| AVS 63rd International Symposium & Exhibition | |
| Nanometer-scale Science and Technology | Tuesday Sessions |
| Session NS-TuM |
| Session: | Nanodiamonds, Thin Films and Electronics (8:20–10:00 am)/Health and Environmental Impact of Nanotechnology (11:00 am–12:20 pm) |
| Presenter: | Aiden Martin, Lawrence Livermore National Laboratory |
| Authors: | A.A. Martin, Lawrence Livermore National Laboratory A. Bahm, FEI Company J. Bishop, University of Technology, Sydney I. Aharonovich, University of Technology, Sydney M. Toth, University of Technology, Sydney |
| Correspondent: | Click to Email |
Spontaneous formation of complex geometric patterns is an interesting phenomenon that provides fundamental insights into underlying roles of symmetry breaking, anisotropy and non-linear interactions. Here we present dynamic, highly ordered topographic patterns on the surface of diamond that span multiple length scales and have a symmetry controlled by the chemical species of a precursor gas used in electron beam induced etching (EBIE).
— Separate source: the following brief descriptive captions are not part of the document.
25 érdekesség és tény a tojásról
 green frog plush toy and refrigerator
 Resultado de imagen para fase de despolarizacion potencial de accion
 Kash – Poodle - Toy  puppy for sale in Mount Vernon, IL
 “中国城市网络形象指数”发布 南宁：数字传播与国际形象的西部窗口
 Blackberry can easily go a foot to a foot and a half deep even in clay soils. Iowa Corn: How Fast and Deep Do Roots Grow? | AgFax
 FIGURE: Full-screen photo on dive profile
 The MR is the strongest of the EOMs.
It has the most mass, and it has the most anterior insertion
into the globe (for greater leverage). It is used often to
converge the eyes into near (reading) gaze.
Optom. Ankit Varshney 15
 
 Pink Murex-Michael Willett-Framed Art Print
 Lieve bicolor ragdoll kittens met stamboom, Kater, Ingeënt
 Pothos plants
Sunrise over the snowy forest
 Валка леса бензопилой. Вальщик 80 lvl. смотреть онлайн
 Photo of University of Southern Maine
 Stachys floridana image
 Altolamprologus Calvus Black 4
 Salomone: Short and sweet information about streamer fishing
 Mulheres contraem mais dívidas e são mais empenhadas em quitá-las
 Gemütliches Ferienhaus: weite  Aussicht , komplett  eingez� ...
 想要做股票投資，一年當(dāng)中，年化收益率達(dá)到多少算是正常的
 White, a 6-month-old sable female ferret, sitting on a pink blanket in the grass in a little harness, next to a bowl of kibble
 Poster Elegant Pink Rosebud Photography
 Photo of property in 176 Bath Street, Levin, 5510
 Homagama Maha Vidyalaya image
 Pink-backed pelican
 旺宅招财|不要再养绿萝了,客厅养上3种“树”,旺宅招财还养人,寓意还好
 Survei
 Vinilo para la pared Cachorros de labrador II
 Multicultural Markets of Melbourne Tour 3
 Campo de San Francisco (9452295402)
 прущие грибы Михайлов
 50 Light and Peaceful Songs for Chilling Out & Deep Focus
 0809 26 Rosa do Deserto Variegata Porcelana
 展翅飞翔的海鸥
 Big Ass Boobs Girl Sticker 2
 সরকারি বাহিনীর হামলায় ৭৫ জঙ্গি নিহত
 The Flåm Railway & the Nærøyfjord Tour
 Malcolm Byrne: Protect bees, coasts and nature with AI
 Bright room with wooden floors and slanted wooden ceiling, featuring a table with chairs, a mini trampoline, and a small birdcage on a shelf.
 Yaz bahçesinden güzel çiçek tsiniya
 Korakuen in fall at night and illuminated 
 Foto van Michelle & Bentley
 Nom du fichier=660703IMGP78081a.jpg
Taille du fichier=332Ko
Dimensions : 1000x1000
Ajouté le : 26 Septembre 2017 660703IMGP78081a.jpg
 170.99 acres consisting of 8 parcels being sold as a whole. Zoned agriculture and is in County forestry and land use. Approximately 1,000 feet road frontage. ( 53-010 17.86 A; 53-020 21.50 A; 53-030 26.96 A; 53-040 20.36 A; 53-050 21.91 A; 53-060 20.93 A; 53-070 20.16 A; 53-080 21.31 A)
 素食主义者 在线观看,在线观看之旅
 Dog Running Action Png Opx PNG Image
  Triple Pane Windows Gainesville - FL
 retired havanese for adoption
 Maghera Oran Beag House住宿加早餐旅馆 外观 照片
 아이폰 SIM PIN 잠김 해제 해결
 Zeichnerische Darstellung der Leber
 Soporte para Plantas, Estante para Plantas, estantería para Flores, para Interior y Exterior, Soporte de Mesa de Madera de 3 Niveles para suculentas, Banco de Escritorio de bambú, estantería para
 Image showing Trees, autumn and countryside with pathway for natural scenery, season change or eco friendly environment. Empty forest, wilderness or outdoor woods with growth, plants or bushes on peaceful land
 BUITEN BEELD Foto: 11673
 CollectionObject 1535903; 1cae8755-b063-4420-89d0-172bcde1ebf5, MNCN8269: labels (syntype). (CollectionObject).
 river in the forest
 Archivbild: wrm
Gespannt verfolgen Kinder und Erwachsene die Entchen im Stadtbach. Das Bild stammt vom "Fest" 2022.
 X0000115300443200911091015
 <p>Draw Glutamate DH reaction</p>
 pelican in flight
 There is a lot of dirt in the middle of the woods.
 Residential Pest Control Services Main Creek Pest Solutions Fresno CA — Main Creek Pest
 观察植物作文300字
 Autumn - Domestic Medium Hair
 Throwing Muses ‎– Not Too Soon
We provide an anisotropic etch rate kinetics model that fully explains the observed patterns, and reveals an electron energy transfer pathway that has been over-looked by existing EBIE theory. We therefore propose a fundamental modification, whereby the critical role of energetic electrons is to transfer energy to surface atoms of the solid rather than to surface-adsorbed precursor molecules.
EBIE is a high resolution, direct-write nanofabrication technique in which a precursor gas and an electron beam are used to realize etching. A key advantage of EBIE is the ability to etch materials such as diamond that are resistant to conventional chemical etch processes, without introducing damage to the substrate as observed in ion sputtering techniques. As a result, EBIE has recently been used to fabricate components for photonic and electronic applications. Our findings can be harnessed to engineer specific surface patterns under various electron beam irradiation environments for controlled wetting, optical structuring and other emerging applications that require nano and micro-scale surface texturing.
A portion of this work was funded by FEI Company and the Australian Research Council (Project Number DP140102721). A portion of this work was performed under the auspices of the U.S. DOE by LLNL under Contract DE-AC52-07NA27344. I.A. is the recipient of an Australian Research Council Discovery Early Career Research Award (Project Number DE130100592).